PlayFair 2008 researchers carried out interviews and investigations in early 2007 in four factories making Olympics licensed bags, headgear, stationery and other products. The companies are Lekit Stationary Co, Mainland Headwear Holdings Ltd, Eagle Leather Products, and Yue Wing Cheong Light Products. The report also reveals labour rights violations such as forced overtime, workers being instructed to lie about wages and conditions to outside inspectors, poor health and safety conditions, workers required to work 30 days per month and employers falsifying employment records.
“We’re so exhausted, trying to get the “Olympic bags” done in time!
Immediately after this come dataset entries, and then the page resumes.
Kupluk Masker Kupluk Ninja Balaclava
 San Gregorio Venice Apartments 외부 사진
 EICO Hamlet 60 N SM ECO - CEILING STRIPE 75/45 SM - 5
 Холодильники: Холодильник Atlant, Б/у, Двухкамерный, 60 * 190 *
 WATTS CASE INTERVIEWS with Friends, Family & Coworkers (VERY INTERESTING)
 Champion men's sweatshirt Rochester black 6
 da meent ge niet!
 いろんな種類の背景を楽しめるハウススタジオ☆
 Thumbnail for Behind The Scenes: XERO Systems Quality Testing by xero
To hell with the Olympics product, I am so tired” said one worker interviewed by PlayFair 2008.
The PlayFair 2008 organisations have since the Athens 2004 Games tried to get the International Olympics Committee to put worker rights standards into Olympics supply chain contracts, as set out in the new report, however the IOC has refused to do so.
“Licensing of the Olympics brand is a major source of income for the IOC and national Olympics committees, and it brings shame on the whole Olympics movement that such severe violations of international labour standards are taking place in Olympics-licensed factories” said Guy Ryder, General Secretary of the International Trade Union Confederation, a PlayFair 2008 Campaign partner along with the global union Federation the International Textile, Leather and Garment Workers’ Federation (ITGLWF) and the Clean Clothes Campaign (CCC).
“Children as young as 12 years old working 15 hours a day. Workers cheated of more than half their legal wages. All working till they drop making Beijing Olympics related products. This isn’t sport! It begs the question if IOC actually means ‘Ignoring Outrageous Conditions’ rather than ‘International Olympic Committee'”, said ITGLWF General Secretary Neil Kearney.
The IOC imposes a range of strict conditions on licensees, however these do not include requirements to respect fundamental labour standards.
Beijing Games licensing is expected to generate some US$70million in income to the Olympics – 40% more than for the 2000 Sydney Games.
Broadcast rights, sponsorship deals and ticket sales are other major sources of Olympics revenue, and substantial profits are also expected to be made through the sale of other Olympics-related merchandise.
“PlayFair 2008 is ready at any time to enter serious discussions with the IOC on establishing an effective mechanism to protect workers being exploited in Olympics-related production,” said Ineke Zeldenrust of the CCC International Secretariat. “The IOC has been silent on these issues too long and we will be actively campaigning to get them to take action.
As the organizer of the biggest global sports-event they should also use their authority to support full respect for fundamental workers’ rights in the sporting goods sector overall.”
“The IOC’s refusal to ensure internationally recognised core labour standards on freedom of association at Olympic-licensed factories is in direct conflict with the Olympic spirit of fair competition. The horrendous conditions faced by Chinese workers working on Olympic products puts the IOC and the Chinese Government to shame,” said Lee Cheuk Yan, General Secretary of the Hong Kong Confederation of Trade Unions.
Prior to publishing the report, PlayFair 2008 sent a copy to the IOC at its Lausanne Headquarters, calling again for the IOC to adopt and implement effective mechanisms throughout Olympics licensing and supply contracts to ensure respect for fundamental labour standards. In the previous discussions between PlayFair and the IOC, the IOC rejected the Play Fair proposals, and to date has no effective mechanism at all to protect workers being exploited in Olympics-related production.
In a letter to PlayFair 2008 last Friday night, the IOC stated its commitment to social responsibility and ethical sourcing, however it did not respond to the specific proposals put to it by PlayFair, nor did it set out any concrete initiatives to deal with the problem. The PlayFair group has also called on the Beijing Olympics Committee not to proceed with its threat to cancel contracts with factories identified in the report, but to join in efforts to ensure respect for fundamental international labour standards throughout the supply chain.
“We warned the IOC at the time that failure to take the necessary action on labour standards would lead to situations such as those identified in the report, bringing lasting damage to the name and reputation of the Olympic movement. Unfortunately, they chose not to take action. This should not happen again”, said Ryder.